ASSIGNMENT:
Quote the data below in full, please, without altering anything.

Start of DATA BLOCK

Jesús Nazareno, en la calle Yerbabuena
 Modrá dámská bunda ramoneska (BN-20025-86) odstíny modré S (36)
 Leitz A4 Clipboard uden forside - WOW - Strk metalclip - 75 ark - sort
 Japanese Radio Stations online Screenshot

End of DATA BLOCK

EXERCISE RESPONSE:
Jesús Nazareno, en la calle Yerbabuena
 Modrá dámská bunda ramoneska (BN-20025-86) odstíny modré S (36)
 Leitz A4 Clipboard uden forside - WOW - Strk metalclip - 75 ark - sort
 Japanese Radio Stations online Screenshot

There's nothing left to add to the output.